Thea: Alles der Reihe nach. Wie fing die Krise an?


Dr. M.: Das müssen Sie den IHN fragen. Ich kann vorerst bruchstückhaft berichten, wie es meinem Gatten und mir ergangen ist. Alles fing an mit dieser unglücklichen Ampelschaltung Unter den Linden/Ecke Am Dom. Aber das wusste der Joachim ja gar nicht! (wischt sich verstohlen eine Träne aus dem Augenwinkel). Da ist mein Professor eine kleine Nanosekunde zu spät auf die Straße gelaufen – so ganz in Festkörpergedanken, wenn Sie verstehen – und plötzlich: ein Berliner Polizist. Ampel bei Rot. 5 Euro. Papiere. Zettel. Roter Kopf bei Joachim. Nix Kopf beim Polizisten. Und vorbei. Er hat es sofort vergessen.

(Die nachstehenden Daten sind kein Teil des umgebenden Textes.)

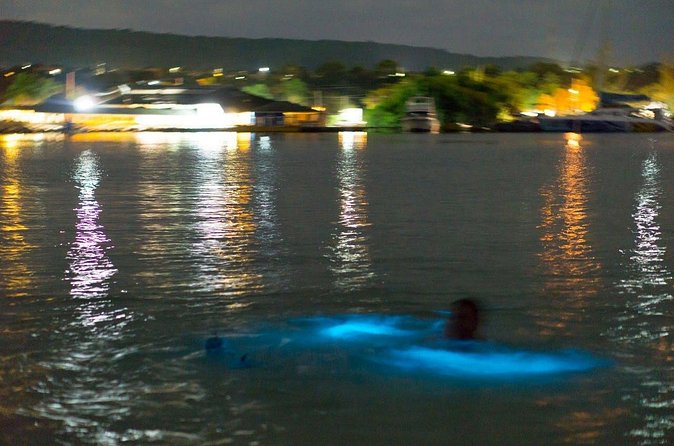 Luminous Lagoon Sightseeing Tour in Montego Bay - The local cafe stop and complimentary drink
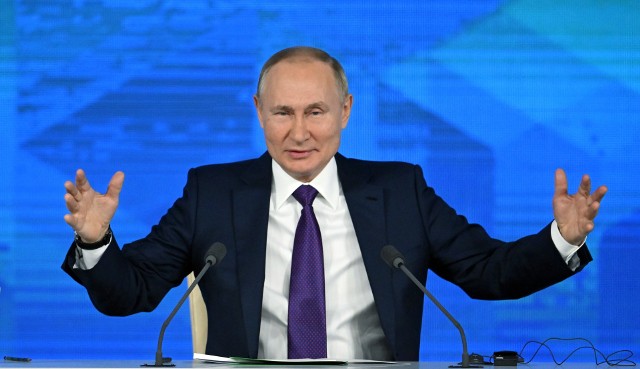 Władimir Putin na konferencji o NATO i Ukrainie: To od sojuszu zależy rozwiązanie rosyjskich obaw. Zachód udaje, że tego nie rozumie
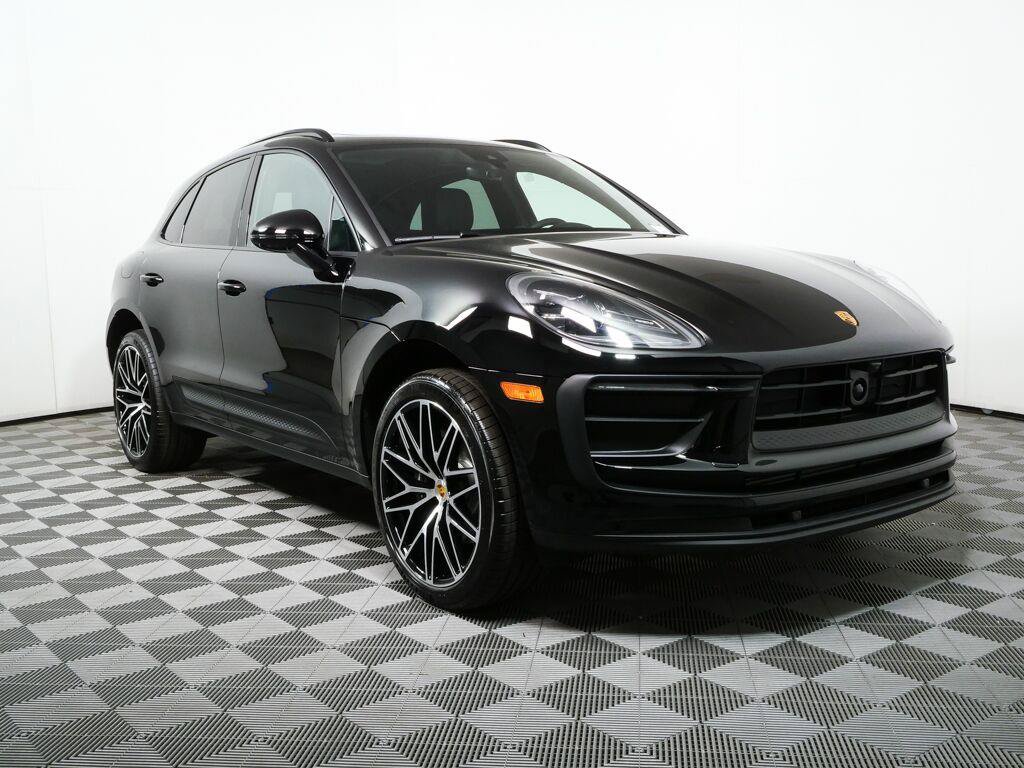 Certified 2026 Porsche Macan AWD/4WD image 25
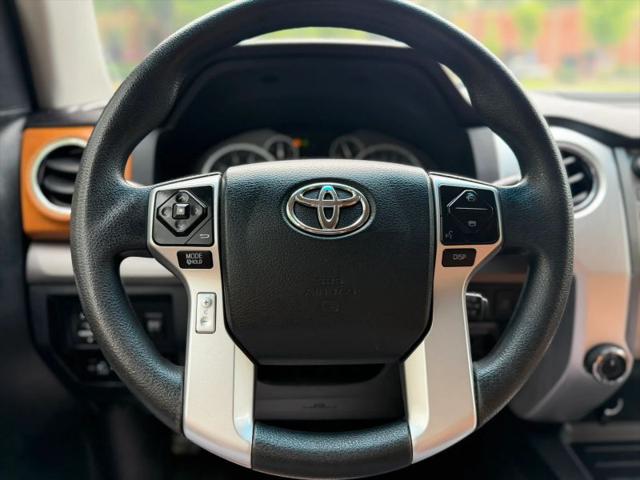2017 Toyota Tundra SR5 5.7L V8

Und mir davon deswegen auch gar nichts gesagt, als wir uns drei Wochen später beim Frühstück wiedersahen. Doch selbst wenn – da wäre es ja wohl schon zu spät gewesen.

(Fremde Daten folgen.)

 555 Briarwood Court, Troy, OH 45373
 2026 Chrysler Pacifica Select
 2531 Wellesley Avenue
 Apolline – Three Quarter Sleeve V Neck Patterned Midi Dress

Thea: Und wann erfuhren Sie davon?


Dr. M.: Vorgestern. Ich saß so am kleinen Besprechungstisch in meinem Büro und legte eine Patience, weil ich auf den Hu Jintao wartete. Da kam das Pofalla rein. Ganz blass. Der ist aber immer ganz blass. Wissen Sie, dass der bei uns intern die sprechende Resopalplatte hieß? Na ja, da kommt also das Pofalla rein und flüstert, dass er angerufen wurde. Und ich in die Niederlande muss. Sofort. Ich sage: Bitte? Spinnen Sie? Jetzt kommt gleich der Hu und dann telefoniere ich mit Hillary, dann sehe ich die Ursula und dann und dann! Da fahre ich doch nicht nach – wohin soll ich? Da sagt das Pofalla: „Der Hu ist schon hier, aber bei IHM. Hillary spricht in 20 Minuten mit IHM und die Ursula, sagt ER, die können Sie nach Doorn gleich mitnehmen.“


Thea: Hatten Sie da schon eine Ahnung von dem, was Ihnen bevorstand?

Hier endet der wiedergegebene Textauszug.